→ **What the exercise asks**:
The answer is the exact run of lines in the listing below from the line containing "Неважно запятая. И" up to and including the line containing "15137535892636", with pictures removed.

→ **Input records**:
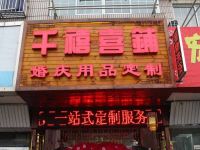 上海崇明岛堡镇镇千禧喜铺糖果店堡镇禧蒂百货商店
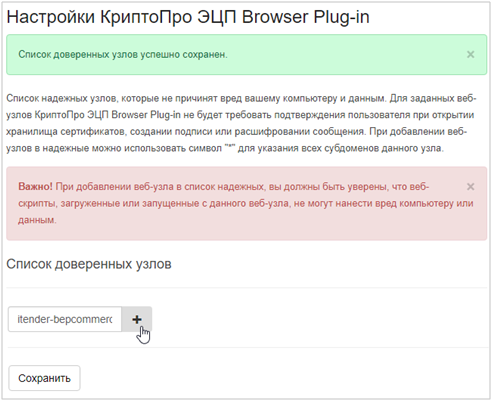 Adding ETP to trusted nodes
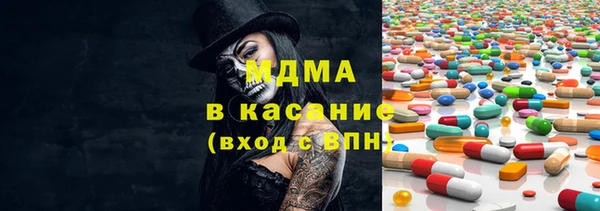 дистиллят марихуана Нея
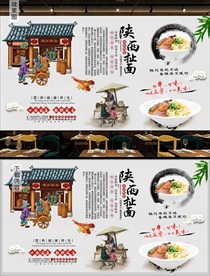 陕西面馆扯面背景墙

==

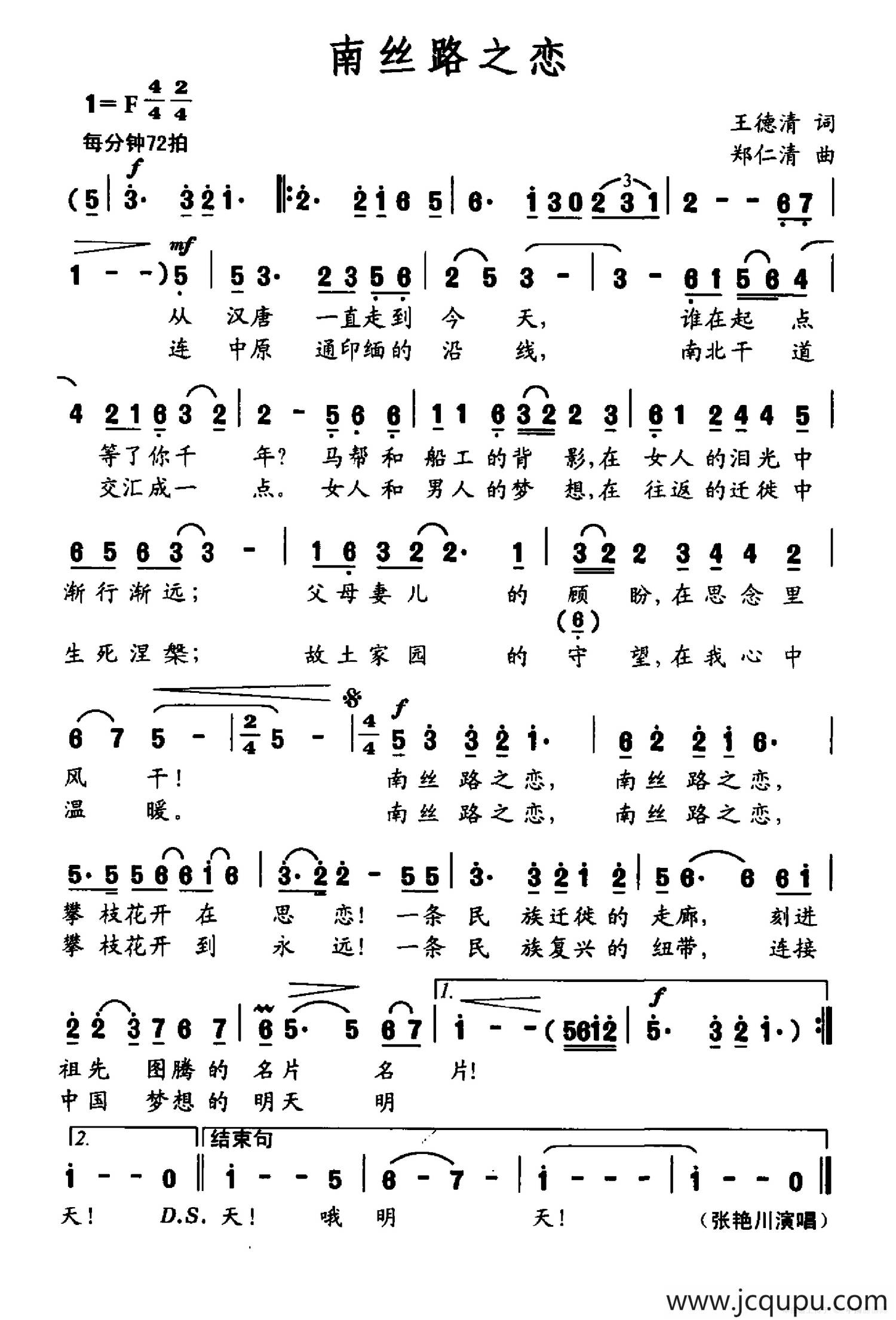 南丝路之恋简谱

---

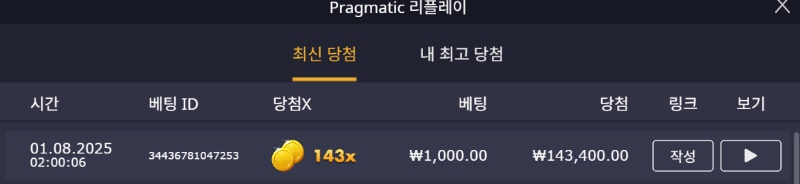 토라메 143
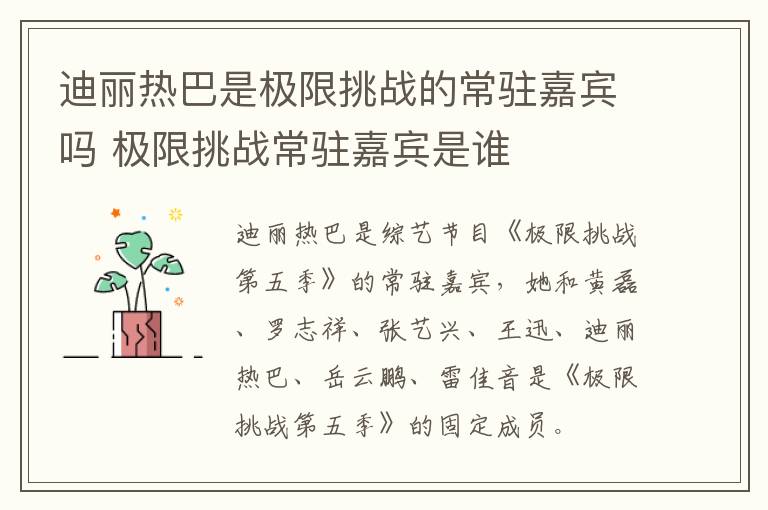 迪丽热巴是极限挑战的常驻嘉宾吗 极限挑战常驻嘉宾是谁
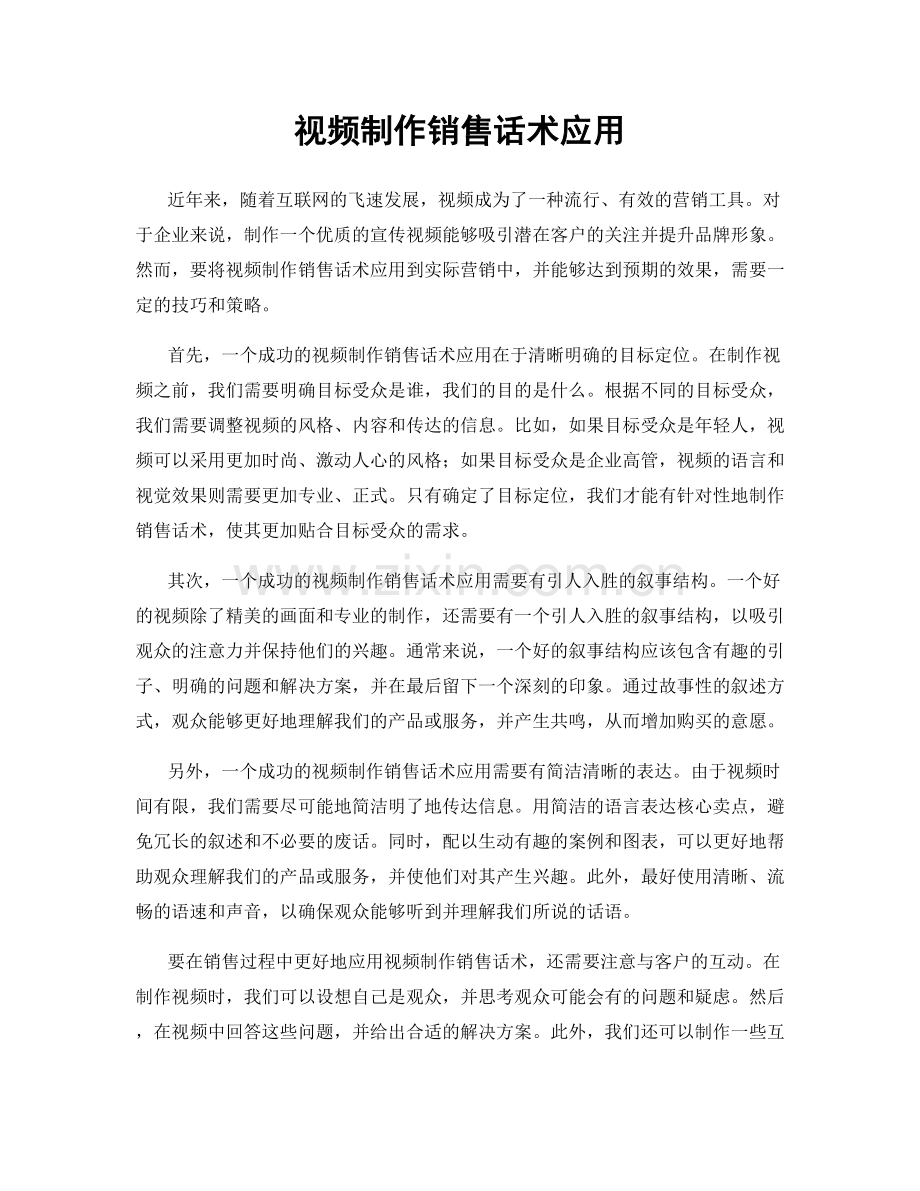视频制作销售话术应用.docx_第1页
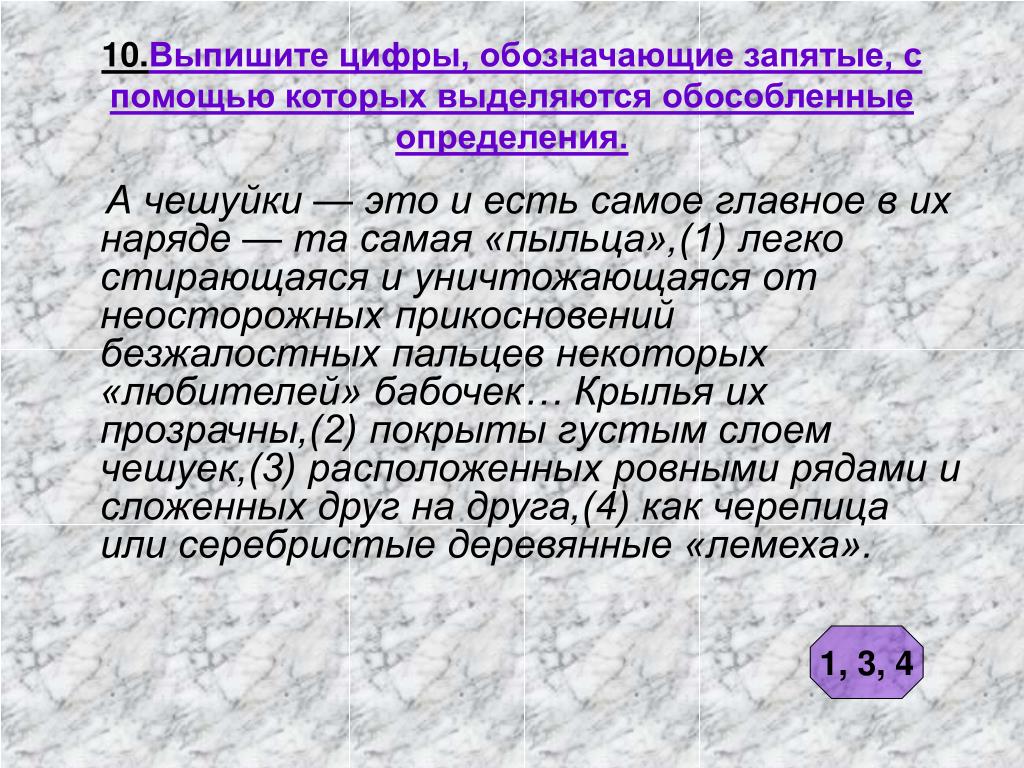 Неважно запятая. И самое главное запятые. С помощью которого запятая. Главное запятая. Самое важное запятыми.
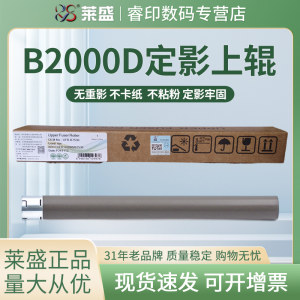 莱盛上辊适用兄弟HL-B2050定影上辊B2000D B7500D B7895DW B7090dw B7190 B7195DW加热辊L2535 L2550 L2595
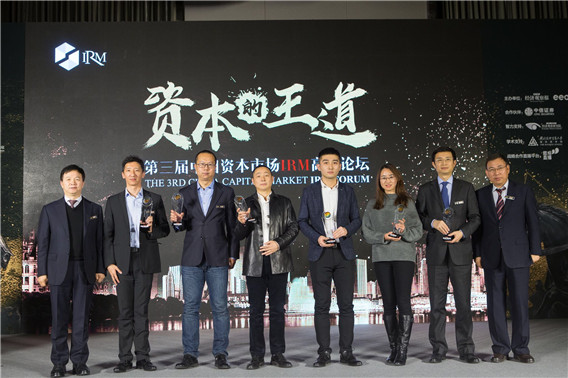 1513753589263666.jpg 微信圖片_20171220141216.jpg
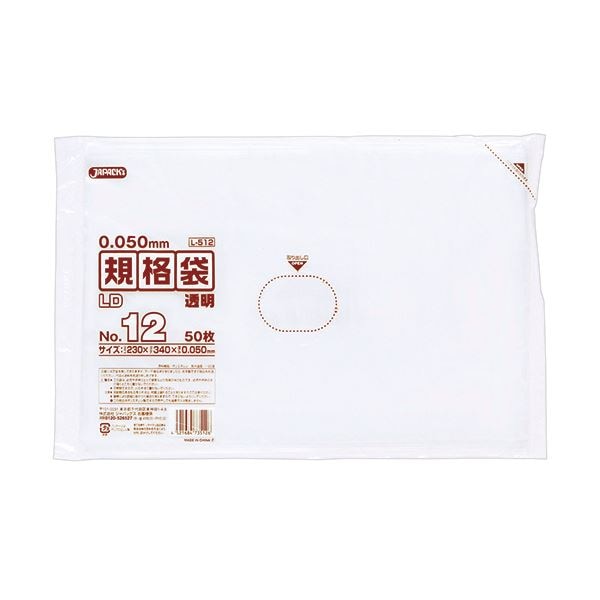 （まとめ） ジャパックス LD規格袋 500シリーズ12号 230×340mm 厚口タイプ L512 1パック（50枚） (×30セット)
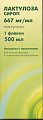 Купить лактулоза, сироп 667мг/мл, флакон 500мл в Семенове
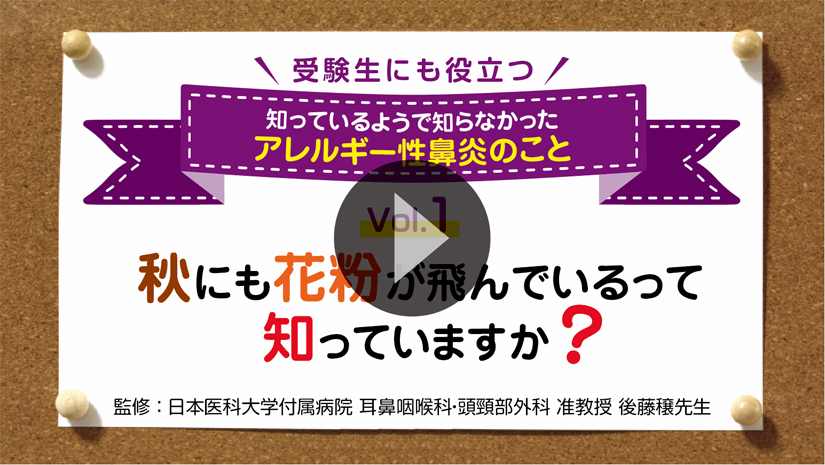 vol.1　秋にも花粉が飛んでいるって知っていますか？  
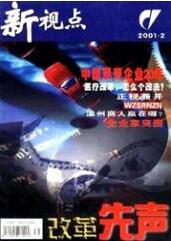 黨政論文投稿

→ **Exercise solution**:
 Неважно запятая. И самое главное запятые. С помощью которого запятая. Главное запятая. Самое важное запятыми.
 莱盛上辊适用兄弟HL-B2050定影上辊B2000D B7500D B7895DW B7090dw B7190 B7195DW加热辊L2535 L2550 L2595
 1513753589263666.jpg 微信圖片_20171220141216.jpg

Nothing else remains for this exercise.